Hey hey hey everyone...sorry for the delay in my blog, I have been very tardy with this, for which I apologise profusely!
My last post I discussed the HUGE amounts of paperwork involved behind community archaeology projects...that is still the same, however, I have also been very busy out in the field.
Myself and Cara continued to meet up with the school which was part of the Dighty Connect project in Dundee. We met the school group at Finlathen Park Aqueduct and taught them how an archaeologist records features, this was done with a twist though as we asked them to record grafitti. The youngsters set to work by recording size, colour, what the grafitti said, where it was situated, they took photos and used the handheld GPS to record exact co-ordinates of the grafitti. They asked lots of questions and seemed to enjoy themselves which is what archaeology is about.
|A piece of graffiti recorded by the school group (c) Archaeology Scotland|
The next session we undertook with them was in the classroom whereby they were telling their own stories of their experiences with the Dighty Burn. We then brought out the investigation kits and asked the youngsters to use their imagination as to what they thought the objects were and to then create a story about that object. Imaginations ran wild...one story involving Jedward and the One Direction boys having a chariot race. This was just before Christmas and I felt like I had made a real connection to the kids as they had become more open and trusting of me. They were all so smart with the potential to do anything they put their minds to, it was a pleasure to work with them and their teachers who clearly put in every effort with a school group that struggles to stay focused in the classroom. One of the girls asked me if I thought she could get into forensics as she loved CSI, I told her that she could be a forensic archaeologist as they are the ones who undertake that kind of work these days, she then asked me how she could meet an archaeologist, to which I just pointed at myself! She just smiled and started to ask me all sorts of questions, that to me, was the icing on the cake!!

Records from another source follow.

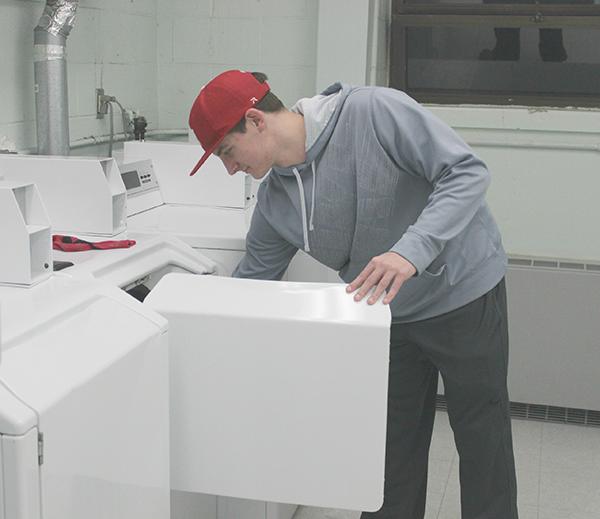 Freshman John McGinley puts laundries in a dryer in Hickory Hall’s laundry room. 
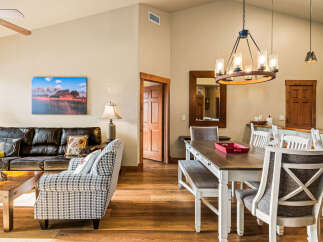 Step into this inviting living space, showcasing a harmonious blend of comfort and style.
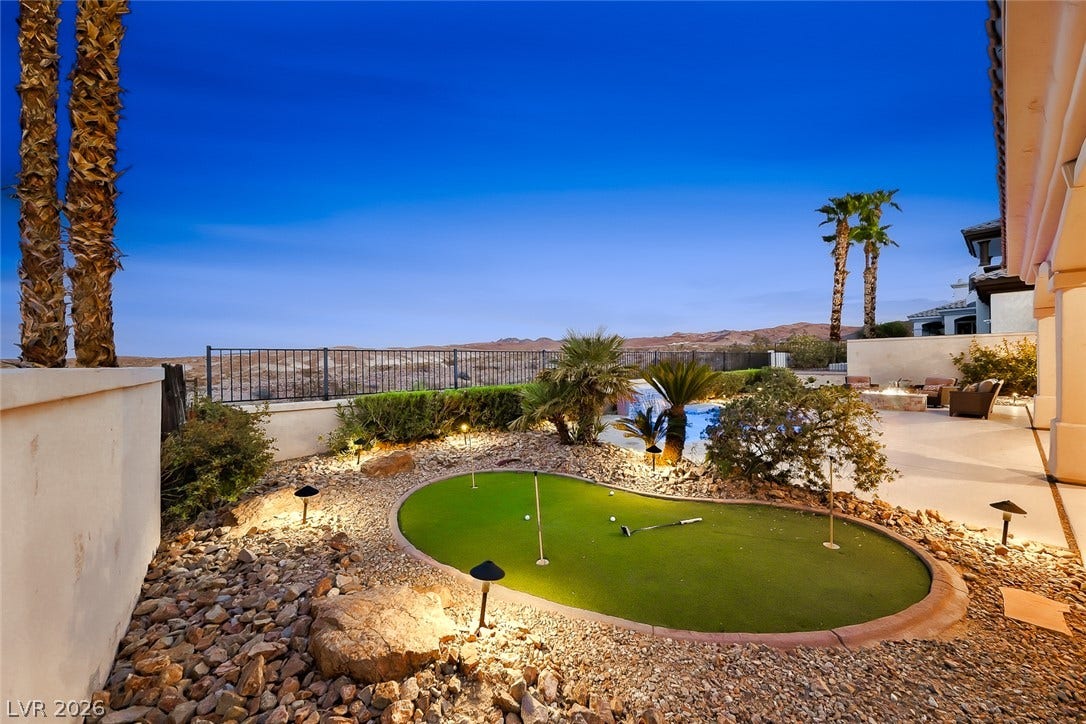 An inviting backyard putting green rests alongside a spacious patio with panoramic desert views.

TAG is short for the Theoretical Archaeology Group, which is a conference that takes place every year in December. Whilst undertaking my degree I went to several of these conferences as a spectator...not this time! I was asked by Phil and Cara to take part in their session titled; New approaches to archaeological outreach, engagement and ownership. My presentation was to outline the work I had done with the Dighty Connect and to discuss the amazing project I am involved with called Playing the Past. The aim of this outreach project is to get young people involved in archaeology through their love of football. We will be investigating the history of defunct Scottish football teams and their stadiums, the first phase to take place in Edinburgh and Glasgow.

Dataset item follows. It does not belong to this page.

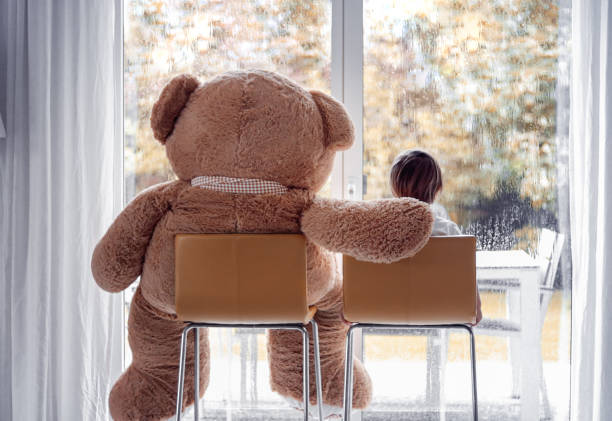 guardando la pioggia autunnale. ragazzino seduto con il suo grande morbido amico orsacchiotto sulle sedie ione anteriore della finestra guardando fuori. stile di vita autunnale. frendship. umore stagionale - teddy bear baby toy stuffed animal foto e immagini stock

|Cathkin Park, Glasgow. This stadium belonged to Thrird Lanark which we will be investigating as part of the project.|
We have a number of project partners linked to the project who are keen to get going with it! My presentation discussed the teams to be investigated; St Bernard's FC in Edinburgh and Third Lanark in Glasgow. I also talked about how we would be working with Football Memories which is a charity that comes under Alzheimer Scotland. The idea behind this is that we will be working with Alzheimer sufferers after having completed standing building surveys of old stadiums, 3D models will then be created from that data. We will ask the individuals suffering from Alzheimers to recall where they sat to watch the football matches of the past, which will hopefully begin a reminiscence of their own stories relating to the team they supported. Such oral histories will be recorded to add to our knowledge and to pass on to younger members of the communities we will be working with. By doing this we hope to create a stronger bond in the community regardless of age, social standing, ethnic background and gender...and to have fun researching a sport loved by many people not just in Scotland, but the world over!

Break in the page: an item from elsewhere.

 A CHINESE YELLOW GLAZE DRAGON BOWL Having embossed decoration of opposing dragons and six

After the Christmas and New Year holidays the Adopt-a-Monument team went to Ardnamurchan to undertake some survey work for the Ardnamurchan Transitions Project. The team did some geophysical survey, we walked around a number of potential sites and began to plan for the summer season. We also got to meet the local school again who came for a site visit, their teachers were teaching them about Vikings so they were very intrigued by the Viking Boat Burial! Some of the local community are keen to get more involved with the archaeology of Ardnamurchan which the Adopt-a-Monument team are only too happy to facilitate.
|Standing Stone in Ardnamurchan|
Soooo as you can see I have had a busy few months, meeting new people, doing my first presentation at a big conference, doing LOTS of paperwork in preparation for our amazing new project and generally having a grand time whilst training in a role I hope to pursue after my bursary has ended. I would urge anyone who is interested in community archaeology to apply for the September/October 2013 round of placements because I am learning so much from the amazing folk at Archaeology Scotland and having fun at the same time.